Columcille was born in Gartan, Co. Donegal in 521 and was of royal lineage, belonging to a branch of the O’Neill dynasty. He studied under Saint Mobhi, in the monastery of Glasnevin. He went on to establish monasteries himself in Derry, Durrow, and possibly Kells. In 563 he left Ireland with twelve companions and founded a monastery on the island of Iona off SW Scotland, which was given to him by the ruler of the Irish Dalriada for the purpose of establishing a monastery. The monastery became a place of learning with the copying and illumination of manuscripts. Columcille remained the rest of his life in Scotland, mainly Iona, returning to Ireland only for occasional visits. He died on June 9, 597. Columcille and his companions preached the gospel in the Western part of Scotland. After his death, monks from Iona went to evangelize Northumbria, where they established monasteries at Lindisfarne and Whitby. Columcille and his companions made the word of God fully known wherever they went. During their ministry, they went through many a stormy time, like the disciples in today’s gospel reading. Yet, just as Jesus was with the disciples in the storm at sea and brought them through it, he was with Columcille and his companions through all their difficult moments, and they came to discover, like those disciples, that the Lord was stronger than the storm. Our own following of the Lord, as a community and as individuals, won’t always be easy; the storms and trials of life will often put our faith to the test. Just as Jesus was asleep in the boat, it can seem to us at such times that the Lord is asleep on our watch. Yet, the Lord is always attentive to us. One of the psalms expresses that conviction very well, ‘He who keeps you will not slumber. He who keeps Israel will neither slumber nor sleep’. The Lord is ever watchful and faithful. It is we who can become faithless or, in the rebuke of Jesus to the disciples in the boat, people of ‘little faith’, somewhere between no faith and full faith. We fail to keep the Lord in view. It is because we are all prone to ‘little faith’ that, in the words of Paul in today’s first reading, we need to ‘persevere in prayer’. Perhaps we could keep making our own the prayer of one of the minor characters of the gospel story, the father of a seriously ill boy who prayed to Jesus, ‘Lord, I believe, help my unbelief’.

Friday, Ninth Week in Ordinary Time

There is a great deal of the praise of God in today’s first reading. When Tobias healed the blindness of his father Tobit, his father, fell on his son’s neck and exclaimed, ‘Blessed be God! Blessed be his great name! Blessed be all his holy angels! Blessed be his great name for evermore!’ When Tobias went into his father’s house, he joyfully blessed God, telling his father everything about the journey he had just completed.

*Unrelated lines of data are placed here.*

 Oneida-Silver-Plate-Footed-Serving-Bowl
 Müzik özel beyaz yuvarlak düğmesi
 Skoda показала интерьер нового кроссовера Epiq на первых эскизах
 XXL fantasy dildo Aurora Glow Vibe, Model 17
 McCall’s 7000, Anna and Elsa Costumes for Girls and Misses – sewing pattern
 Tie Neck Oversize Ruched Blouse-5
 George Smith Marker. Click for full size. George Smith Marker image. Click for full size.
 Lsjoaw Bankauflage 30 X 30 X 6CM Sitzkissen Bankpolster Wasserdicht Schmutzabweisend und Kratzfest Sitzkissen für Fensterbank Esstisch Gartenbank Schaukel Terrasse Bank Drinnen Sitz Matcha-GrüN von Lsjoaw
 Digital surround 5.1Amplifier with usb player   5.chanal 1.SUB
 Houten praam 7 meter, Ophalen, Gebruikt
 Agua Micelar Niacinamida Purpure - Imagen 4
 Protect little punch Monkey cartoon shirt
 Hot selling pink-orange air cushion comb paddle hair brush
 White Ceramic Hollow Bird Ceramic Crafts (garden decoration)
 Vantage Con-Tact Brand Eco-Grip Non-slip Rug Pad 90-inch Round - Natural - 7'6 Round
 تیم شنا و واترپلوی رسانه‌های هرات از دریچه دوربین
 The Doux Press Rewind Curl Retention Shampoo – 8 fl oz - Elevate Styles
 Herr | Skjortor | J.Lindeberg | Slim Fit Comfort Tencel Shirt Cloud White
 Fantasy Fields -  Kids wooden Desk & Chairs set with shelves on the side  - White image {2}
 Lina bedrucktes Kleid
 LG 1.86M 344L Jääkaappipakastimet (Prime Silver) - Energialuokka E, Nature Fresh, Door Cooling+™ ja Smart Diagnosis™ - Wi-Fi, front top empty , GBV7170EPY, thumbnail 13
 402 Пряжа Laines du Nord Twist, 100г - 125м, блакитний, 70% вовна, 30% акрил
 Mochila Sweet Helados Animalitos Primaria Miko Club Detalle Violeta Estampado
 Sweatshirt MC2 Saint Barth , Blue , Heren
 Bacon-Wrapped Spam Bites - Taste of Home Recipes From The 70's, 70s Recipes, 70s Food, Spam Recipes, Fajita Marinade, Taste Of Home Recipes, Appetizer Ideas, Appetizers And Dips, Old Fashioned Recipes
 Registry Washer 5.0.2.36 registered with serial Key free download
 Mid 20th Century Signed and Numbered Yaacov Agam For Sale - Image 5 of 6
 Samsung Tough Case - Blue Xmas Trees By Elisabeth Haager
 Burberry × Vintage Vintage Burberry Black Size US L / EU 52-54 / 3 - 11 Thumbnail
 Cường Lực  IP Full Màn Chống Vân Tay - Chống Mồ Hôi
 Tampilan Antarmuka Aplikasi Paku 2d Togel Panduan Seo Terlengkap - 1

Then Tobit set off to the gates of Nineveh to meet his daughter-in-law for the first time, ‘giving joyful praise to God as he went’. When he met, Sarah, his daughter in law, he blessed her with the words, ‘Blessed by your God for sending you to us, my daughter’. Tobit and Tobias recognized the presence of God in all that was happening around them and they gave praise and thanks to God for it. We are all probably much more familiar with the prayer of petition. When we are in difficulty to ask God to help us. We pray to God out of the depths. That is as it should be. Sometimes, we forget to praise and thank God for the blessings that come our way in life. We don’t think of God as easily in good times as in bad times. According to the gospel reading, the majority of the people heard Jesus with delight. The presence of Jesus, his deeds and his words, brought them joy, and led them to praise God. Jesus is God’s gift to us all. We can all hear him with delight. God’s gift of his Son to us gives us very good reason to praise and thank God. We say formal prayers of praise and thanks to God in the Mass. Yet, Tobit and Tobias, and the people in the gospel reading, encourage us to be spontaneous in our prayer of praise and thanks to God. It is a prayer that can arise in our hearts at any time of the day, in any place, in response to the Lord’s many, daily, blessings. In the words of today’s psalm, ‘I will praise the Lord all my days’.